Amazing they can accomplish that given the water level fluctuations that occur some years. OK, I can understand not wanting to monkey with the walleye by introducing a hybrid species. But there was a post a little while back where the ODNR was quoted as saying there were "too many shad" in Berlin. Thus, walleye fishing could be really tough because there is no shortage of food for them. Maybe they need something in there to help eat up some of those shad, but what?

"Nuff said about Berlin. How about Milton as a potential saugeye fishery? Back when the lake was drained and I was walking around out there I don't think I had ever heard of saugeye. Maybe they hadn't been "invented" yet. Before the lake was drained, Milton had the reputation as a crappie/muskie lake. A few LMB and SMB here and there, and a walleye every so often. 

My buddies and I started to figure out the walleye just before the dam was breached. Turns out that Milton was chock full of them! They just weren't always where you might expect. I can remember catching them in 4-5 FOW on a bluebird day with not a cloud in the sky! 

I don't know how well the fishery has come back since refilling. I know the state stuffed a ton of bass in there early on, but don't know if they've done anything with 'eyes.


----------



## shore warrior (Apr 5, 2015)

Walleye fishing is always tough in Berlin, they produce there naturally but the ODNR takes so many out to stock lakes that shouldn't have them. If they didn't do that for 15 years Berlin would be the walleye capital for an inland lake. Sad but true. Milton has a lot of little walleye, I never saw one bigger than 20 inches come out of there personally. ODNR are a bunch of idiots IMO. They are lazy as hell most of the year, yet they get paid. I have sent them videos of people breaking there rules. Never heard a peep back.


----------



## shore warrior (Apr 5, 2015)

Columbus don't care about us fishermen. All them idiots sit on there hands and get paid good money, that we fund.


----------



## shore warrior (Apr 5, 2015)

Sorry about the rant. I am fed up with it all. I live in Berlin Center and send the ODNR and the sheriff's videos of people drinking on the lake and fishing illegally. Waist of time.


----------



## DHower08 (Nov 20, 2015)

Shore warrior everyone knows dnr could do a better job a times but we all could do better at times. And imo if youve never seen a walleye over 20" come out of milton you havent caught many walleyes their


----------



## fishingful (Apr 5, 2004)

I guess I will defend the odnr a little. They can't cover the ground they need to with the manpower they have. That being said.....the people at the top are making too much.
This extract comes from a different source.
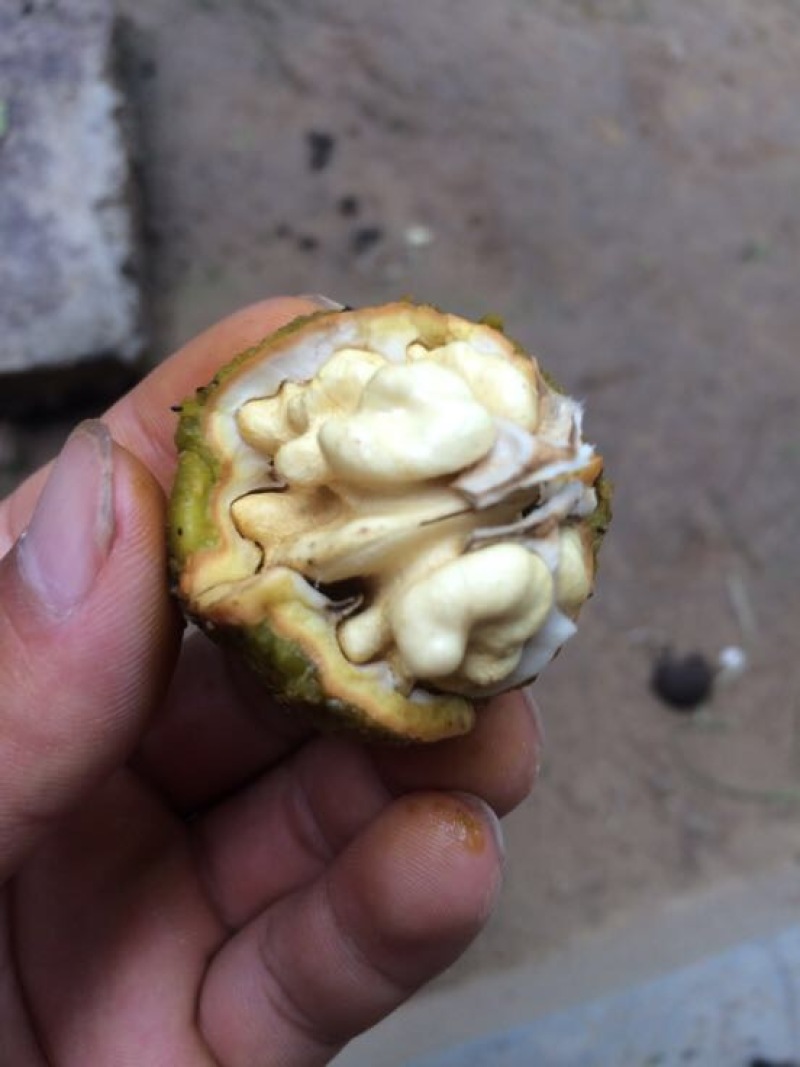 青皮核桃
I personally watched my wife catch a 25 and 26 inch last year in one day. Prety nice for a inland lake.


----------



## randymcfishnsfun2 (Dec 24, 2014)

Yes they're taking some eggs from Berlin. Giving them a much higher hatch rate in a hatchery then they would ever have in the wild. Then stocking reservoirs in Ohio. BERLIN being one of them. Those idiots...


----------



## shore warrior (Apr 5, 2015)

randymcfishnsfun2 said:


> Yes they're taking some eggs from Berlin. Giving them a much higher hatch rate in a hatchery then they would ever have in the wild. Then stocking reservoirs in Ohio. BERLIN being one of them. Those idiots...[/QUOTE nothing of the walleye go back in. Them nets take alot of fish out. They through the cat's and carp back in.


----------



## randymcfishnsfun2 (Dec 24, 2014)

They take the eyes out, the ones that are ready to pop. Take them to the ramp, squeeze the eggs and/or sperm out and return the fish to the lake. Take the eggs to a hatchery. Stock lakes and reservoirs. That's what happens every spring.


----------



## bountyhunter (Apr 28, 2004)

our DNR people do a great job.


----------



## louisvillefisherman (Jun 9, 2012)

shore warrior said:


> Walleye fishing is always tough in Berlin, they produce there naturally but the ODNR takes so many out to stock lakes that shouldn't have them. If they didn't do that for 15 years Berlin would be the walleye capital for an inland lake. Sad but true. Milton has a lot of little walleye, I never saw one bigger than 20 inches come out of there personally. ODNR are a bunch of idiots IMO. They are lazy as hell most of the year, yet they get paid. I have sent them videos of people breaking there rules. Never heard a peep back.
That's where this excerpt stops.